This FAQ covers the controls I use to keep a cannabis ecommerce menu lined up with POS inventory, the stock actually on the shelf, and traceability records.

What is menu accuracy?

Menu accuracy means every sellable product shown online can be mapped to an active POS product, an available inventory package, and a physical location that can be picked. The menu is not the source of truth. It sits downstream of the POS catalog, package inventory, room assignments, reservations, and the sync process, and it is only as correct as those inputs.

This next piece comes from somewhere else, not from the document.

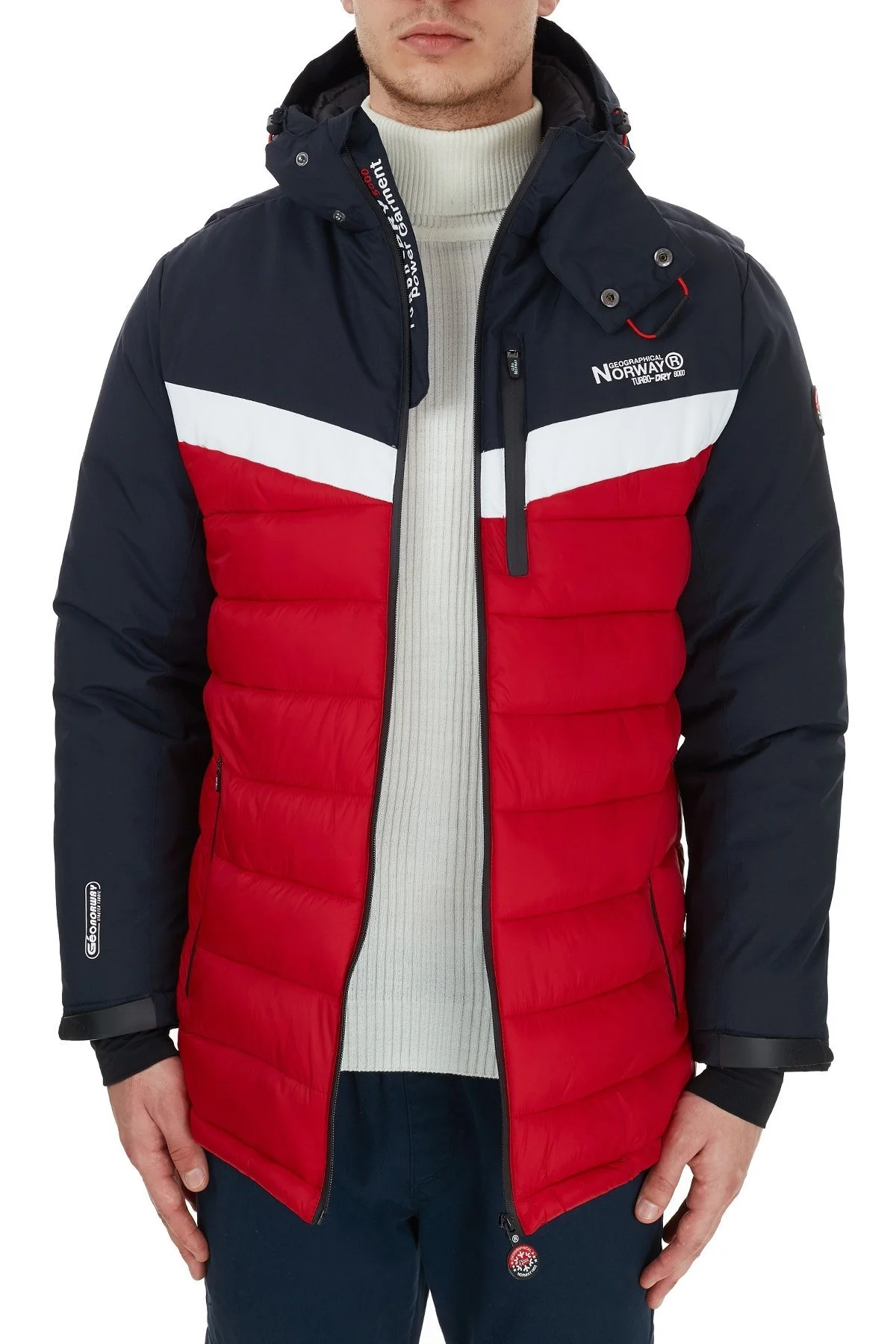 Norway Geographical Kapüşonlu Outdoor Erkek Parka BENOIT KIRMIZI-LACİVERT - 4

Which systems have to reconcile?

At a minimum you compare four numbers: physical shelf count, state traceability package quantity, POS sellable quantity, and ecommerce menu quantity. If any one of them is off, you can take an online order you cannot fill cleanly.

physical_qty | traceability_qty | pos_sellable_qty | menu_qty

What causes menu drift?

Most of the time it comes back to one of these:

  • A POS-to-menu sync job failed.
  • A package split was not mapped to the ecommerce product.
  • A room or location assignment is excluding sellable stock.
  • A return created an inventory record the menu does not recognize.
  • A reservation went stale.
  • Duplicate SKUs, or a manual product edit that broke the catalog link.

What should the sync monitor show?

It needs the last successful sync timestamp, the failed sync timestamp, how many products were updated, how many were rejected and why, the affected location, and the affected package or product IDs. A generic "last updated" value does not prove that every product actually synced.

sync_started_at
sync_completed_at
sync_status
store_id
products_attempted
products_updated
products_failed
failure_reason
package_uid
product_id

How often should inventory be reconciled?

Watch sync status continuously. Run POS-to-menu quantity reconciliation daily, and add a same-day exception queue for high-volume stores. Only physically count the flagged exceptions, not the whole catalog every day. Once a week, do a root-cause review to classify the recurring errors and assign the system fixes.

What does the daily reconciliation file need?

The reconciliation file needs stable join keys and an explicit reason code for every mismatch. Package UID is the preferred join key when available. Product ID alone is weaker because one menu product can represent multiple packages, lots, or rooms.

store_id | product_id | package_uid | pos_qty | menu_qty | physical_qty | mismatch_reason | owner | resolved_at

How should mismatches be classified?

Use a small controlled vocabulary so the exception queue can be analyzed over time. Recommended reason codes include sync_latency, sync_failure, package_split_missing_map, duplicate_sku, room_assignment_error, reserved_inventory_stale, discontinued_product, return_record_unmapped, and physical_count_variance.

What metrics should be reviewed weekly?

Track mismatch count, mismatch rate, average age of unresolved exceptions, failed sync count, products affected by failed syncs, out-of-stock order rate, substitution rate, cancellation rate by reason, and the top recurring mismatch reasons. Reading them together tells you whether you have a catalog hygiene problem or an integration reliability problem, which usually get fixed in different places.

What is the minimum SOP?

  1. Check sync status before the menu opens for online orders.
  2. Export POS inventory and ecommerce menu inventory daily.
  3. Join records on package UID first, product ID second.
  4. Flag every non-zero quantity mismatch.
  5. Physically count flagged items and record the physical quantity.
  6. Assign a mismatch reason code and owner.
  7. Resolve the inventory, catalog, room, reservation, or sync issue.
  8. Review recurring reason codes weekly and remove the root cause.

What is the technical rule?

Show a product as orderable only when all of these hold: the product is active, the mapped package is sellable, the sellable quantity is greater than the reservation buffer, the location is eligible for ecommerce fulfillment, and the latest sync completed without a product-level failure.